Material supplied Start Marker

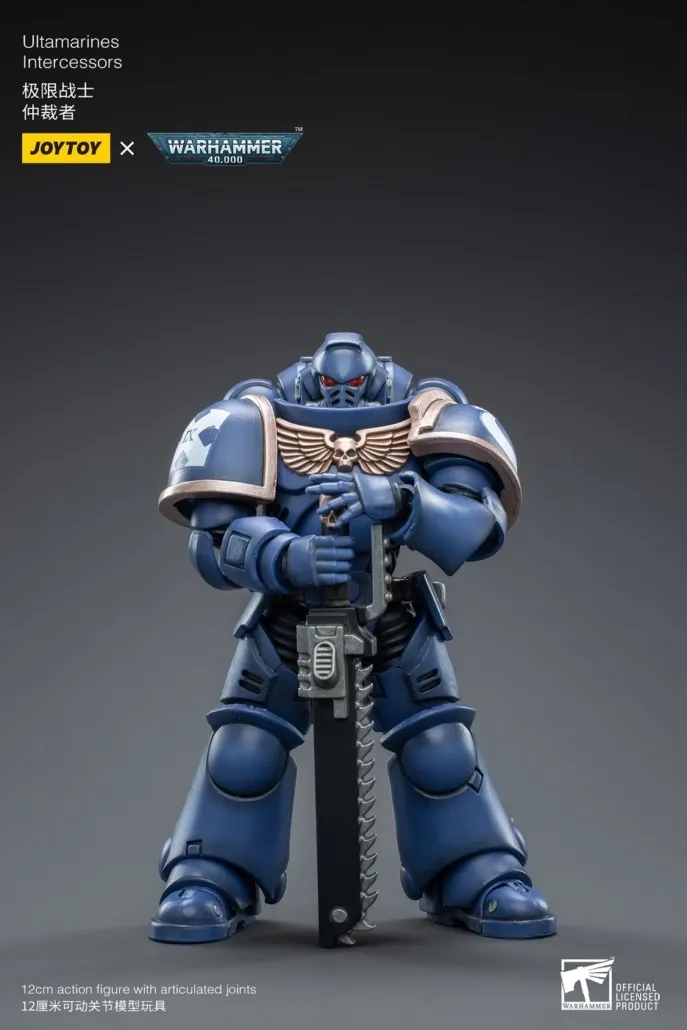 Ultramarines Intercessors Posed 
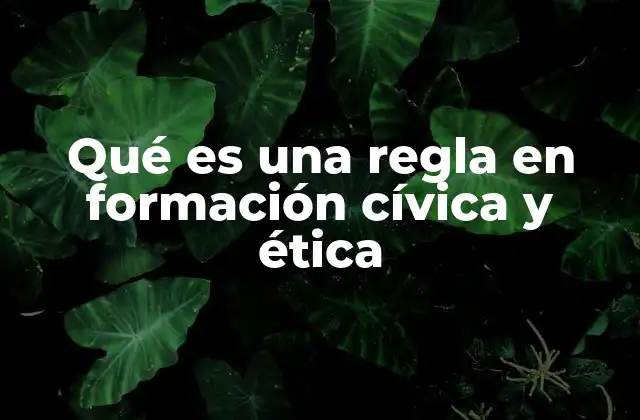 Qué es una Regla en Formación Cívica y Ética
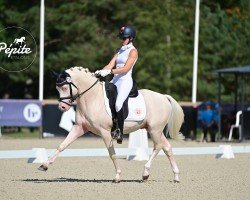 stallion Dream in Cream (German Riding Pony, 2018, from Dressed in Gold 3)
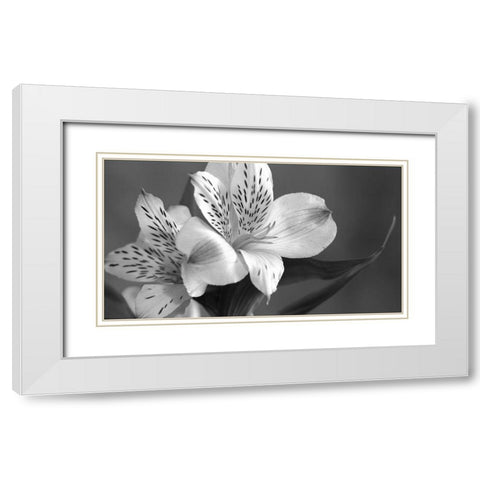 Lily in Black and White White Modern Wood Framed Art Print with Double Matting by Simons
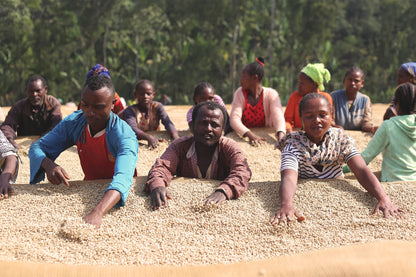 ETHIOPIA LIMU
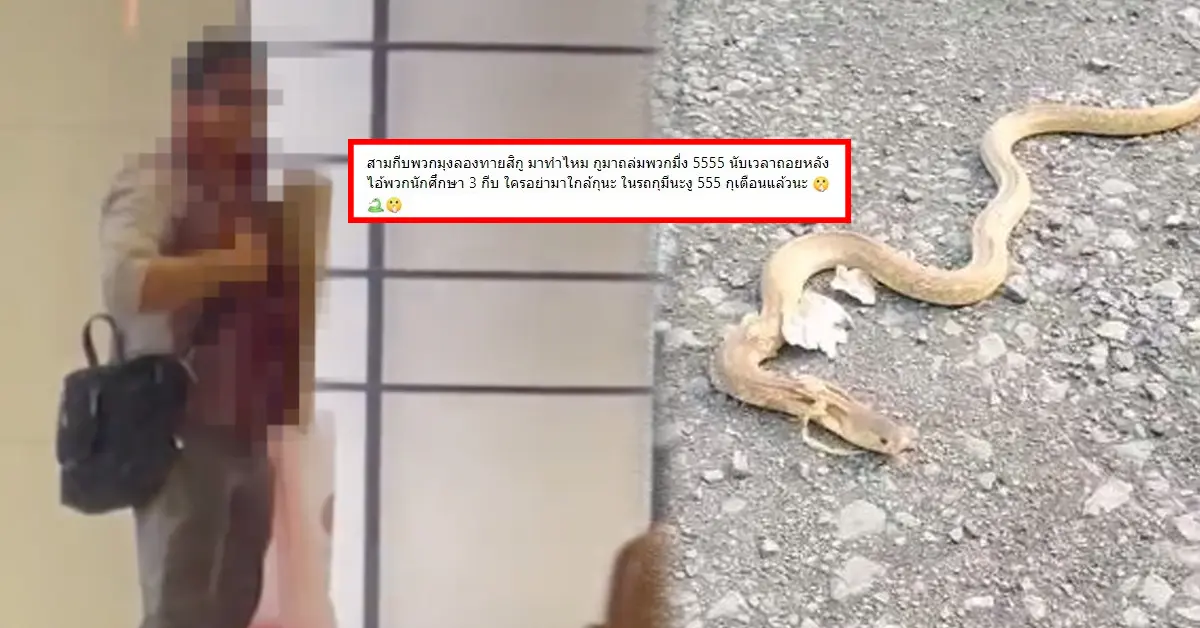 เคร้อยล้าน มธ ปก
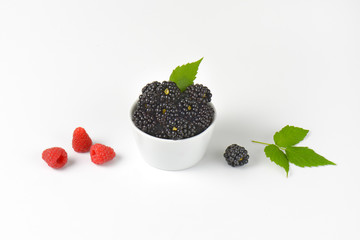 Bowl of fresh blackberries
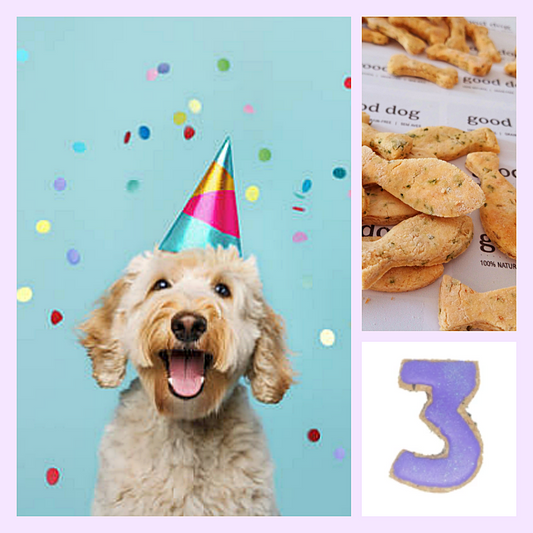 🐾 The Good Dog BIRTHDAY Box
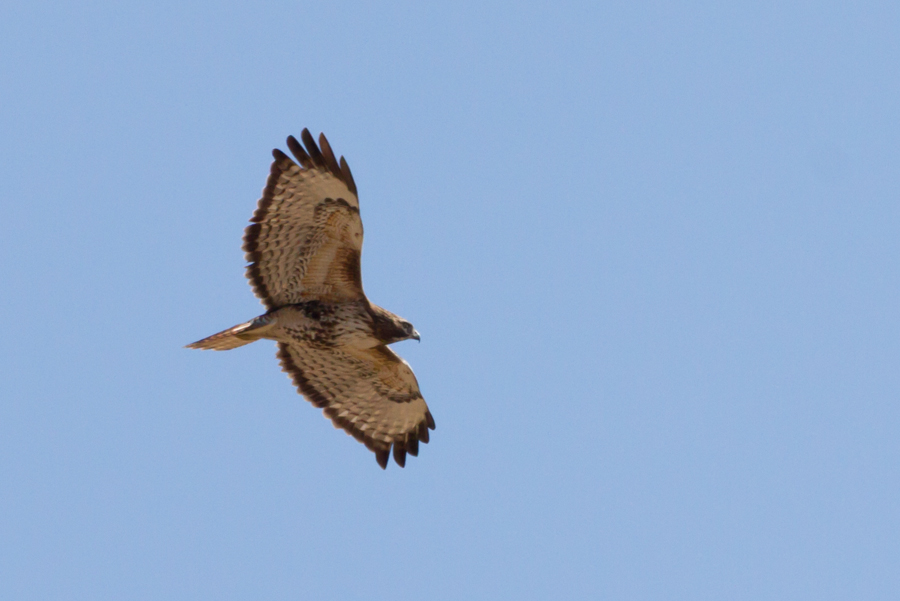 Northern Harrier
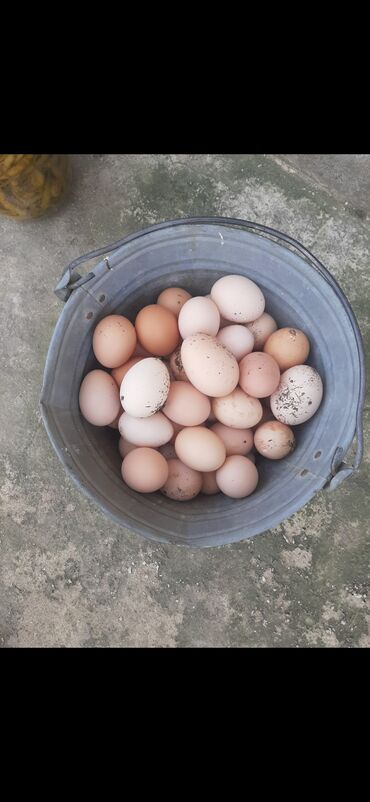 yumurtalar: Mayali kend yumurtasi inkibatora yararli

Material supplied End Marker
Material supplied Start Marker

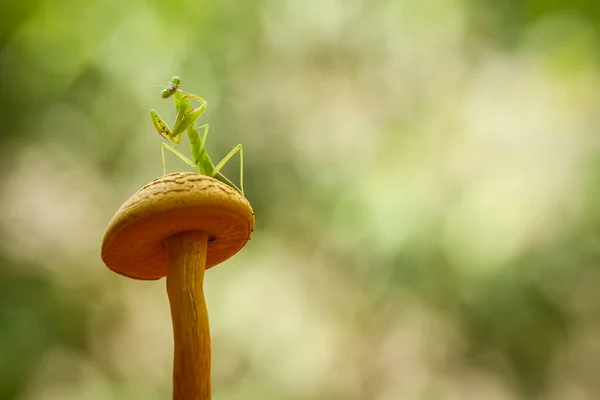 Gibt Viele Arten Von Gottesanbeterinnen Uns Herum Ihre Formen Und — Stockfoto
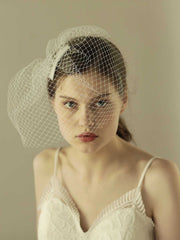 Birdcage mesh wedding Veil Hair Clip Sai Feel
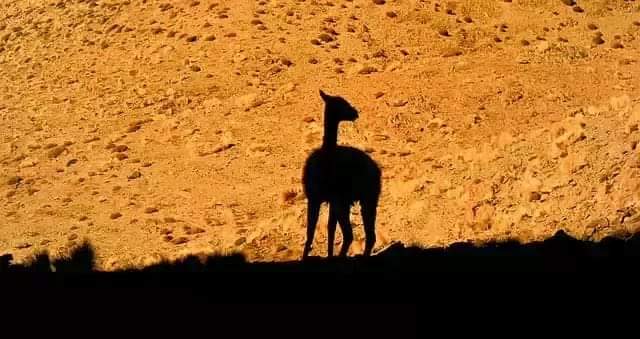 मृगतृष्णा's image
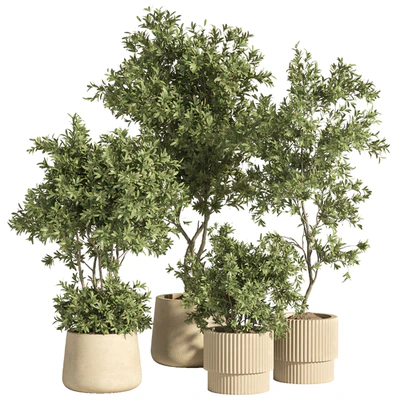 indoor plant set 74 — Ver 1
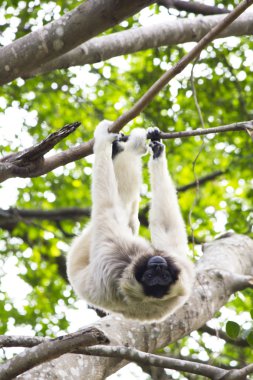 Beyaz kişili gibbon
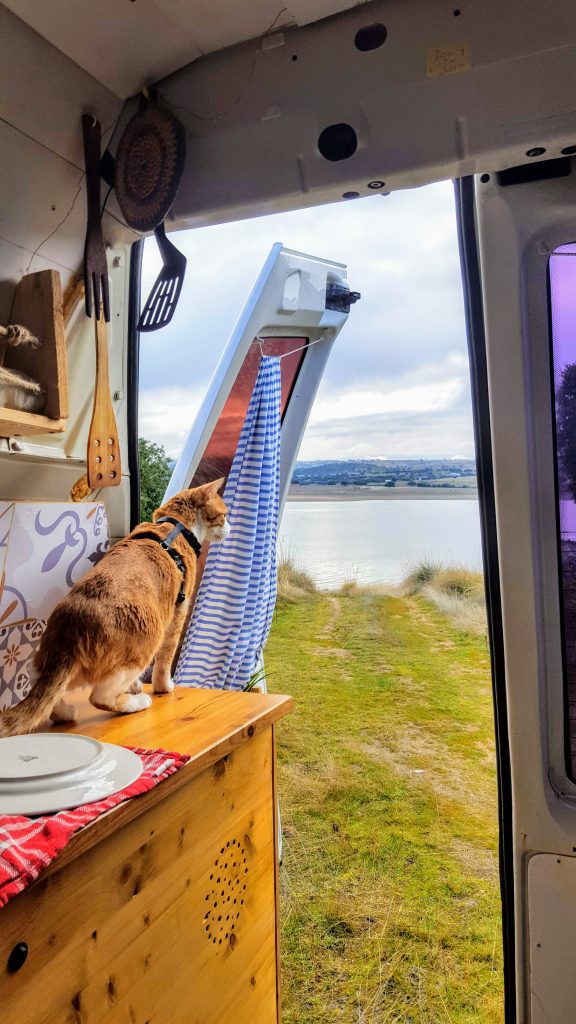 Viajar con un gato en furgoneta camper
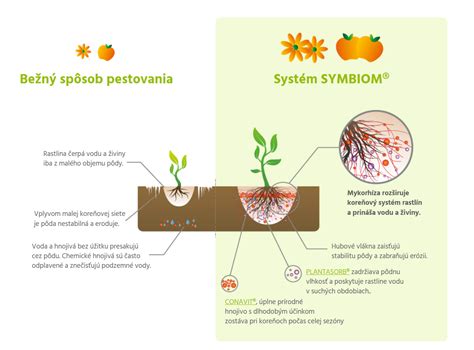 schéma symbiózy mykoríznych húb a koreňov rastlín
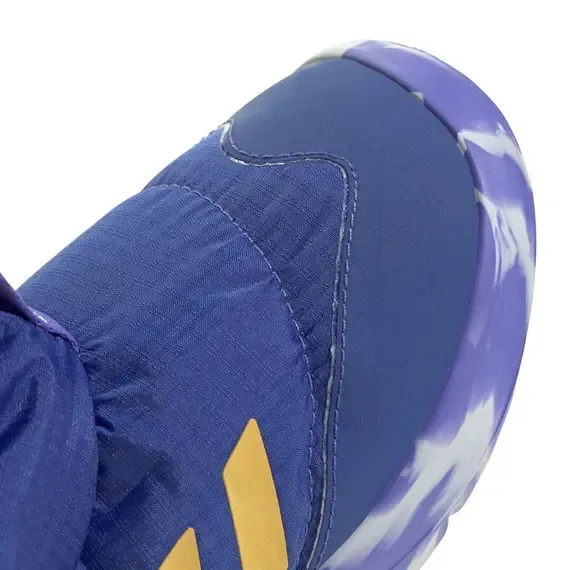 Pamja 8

Material supplied End Marker

Exercise goal: Look above for the line containing "Dog BIRTHDAY Box", then write out every line from there down to the line containing "yumurtalar: Mayali kend", that line included, with no pictures.

Task result:
 🐾 The Good Dog BIRTHDAY Box
 Northern Harrier
 yumurtalar: Mayali kend yumurtasi inkibatora yararli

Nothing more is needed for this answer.